Unlike with our visit to Hannibal, with its air of naked tourist attraction not particularly mitigated by anything else, this was a horse of another color. Walking through the house, and standing in his study, looking down at the same grounds, more or less that he would have viewed over and over again, and then looking at his writing desk where his imagination roiled into some of the great tales to be spun from our American culture that I felt some electric charge, which seemed to me a connection between the man who was the great writer, his insights into the human condition, all of them, and, well, anyone willing to be open to the experience. And I was. I was.

There is so much one could address about him. What I want to reflect on here is Samuel Clemens’ spirituality. To start here is a little bouquet of Mark Twain observations about religion and its practitioners, starting with perhaps his most widely quoted, “Faith is believing what you know ain’t so.” Or, how about his observation about the Bible? He tells us it “has noble poetry in it… and some good morals and a wealth of obscenity, and upwards a thousand lies.” Finally, as to practitioners of my trade he rather dryly noted, “I’ve never heard a sermon in which I could not find some good, though there have been some near misses.”

In some ways this followed his general view of humanity. Here are two examples, again, first the most widely quoted. “Man is the only animal that blushes.

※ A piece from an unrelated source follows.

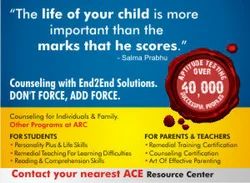 ACE Certification Program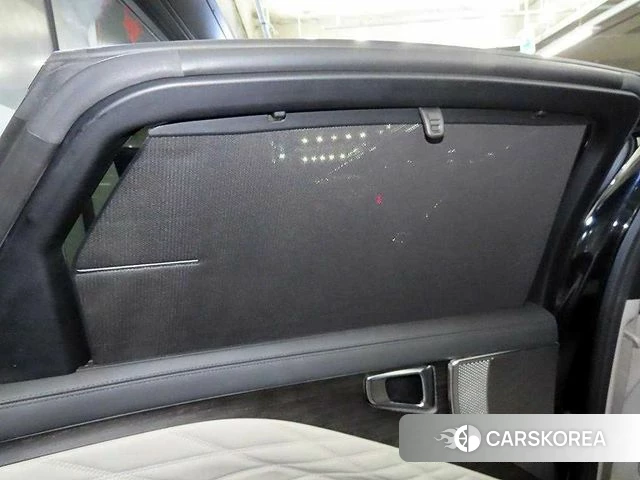 Kia K8 2021 Черный из Кореи, фото 5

Or needs to.” And, a personal favorite, “A clear conscience is the sure sign of a bad memory.” It is this, how shall we call it, perhaps jaundiced view about our human condition that I think most important to notice at the beginning of this reflection.

On the face of it, we have someone who has rejected religion. But, there’s quite a lot more to it than the face of it. In fact, I think he represents the best of that category we now hear so much about, the spiritual but not religious, or, as I’m coming to prefer to call it spirituality after religions.

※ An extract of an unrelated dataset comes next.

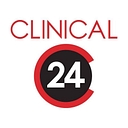 Clinical24 logo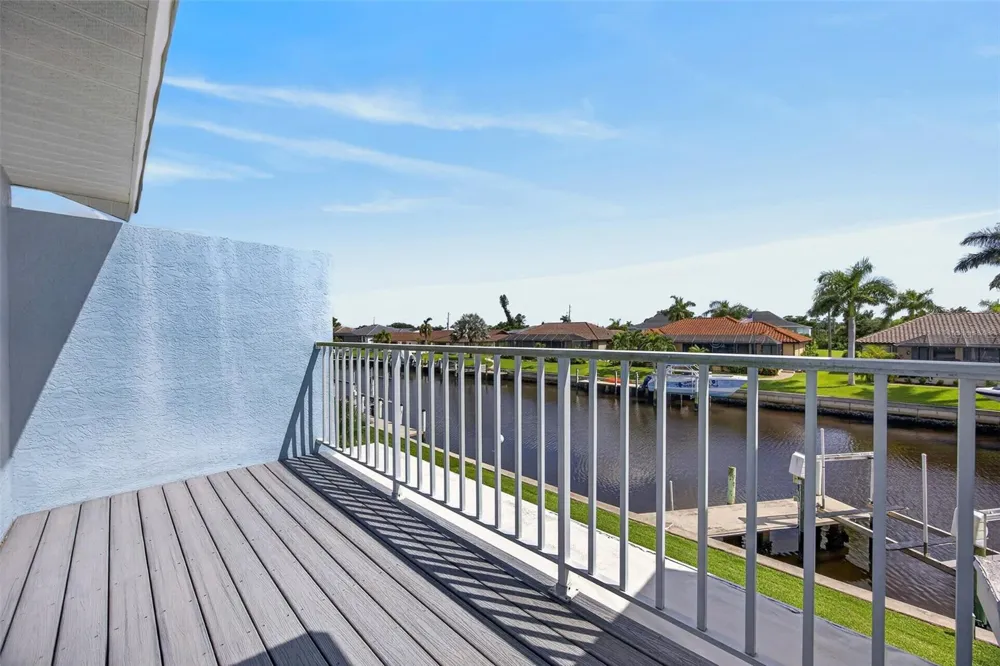 1424 MEDITERRANEAN DRIVE #112 Punta Gorda, FL 33950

One could say that while Clemens left his childhood Calvinism pretty early in his adult life, Calvinism never really left him. As a good Calvinist he judged the world, and maybe most of all, judged himself and found the whole thing wanting. But, we also might reasonably ask, he judged the world and himself against what? Buried within that I believe we can find the spiritual that continued to haunt him even as he walked away as best he could from organized religions.

Now, I found it fascinating, at least in the sense of the old joke that if you want to lose your faith make friends with a priest, that throughout his life, Sam Clemens had quite a surprising number of clergy friends. Apparently they were mostly liberal Congregtionalists. For instance there was Joseph Twitchell, one of his closest friends and a friendship for more than forty years.

Another very interesting minister friend was Moncure Conway. Originally a Methodist, he became a Unitarian minister, as well as a leading abolitionist in his day, before leaving for England where he moved ever more independent until becoming minister for a non-aligned non-traditionally theist ethical-humanist congregation. And don’t forget, this is the mid late nineteenth century we’re talking about. It was in fact during those later years that Twain met this remarkable clergyman. They became friends and then life-long correspondents. In fact Clemens trusted him so much that Conway would become Clemens’ literary agent in Great Britain.

A few years ago Independent scholar Dwayne Eutsey delivered a wonderful sermon on Twain and Hinduism, at the UU Fellowship in Easton, Maryland, where he tells us how through Conway, Twain was introduced to Eastern and particularly Hindu thought. In fact two of Conway’s books both with sections on Hinduism were in Twain’s personal library. Between this and Twain’s own experience meeting yogis and other Eastern spiritual guides on his travels around the world, inspires Eutsey to suggest a deeper spirituality influencing Twain than has previously been noticed.

For me this is utterly fascinating. Having broken the strictures of a creedal faith, but in some genuine ways remaining a seeker after truth Sam Clemens was actually able to see hints of something profound in whatever tradition he encountered. And as a world traveler, he had a lot of opportunity.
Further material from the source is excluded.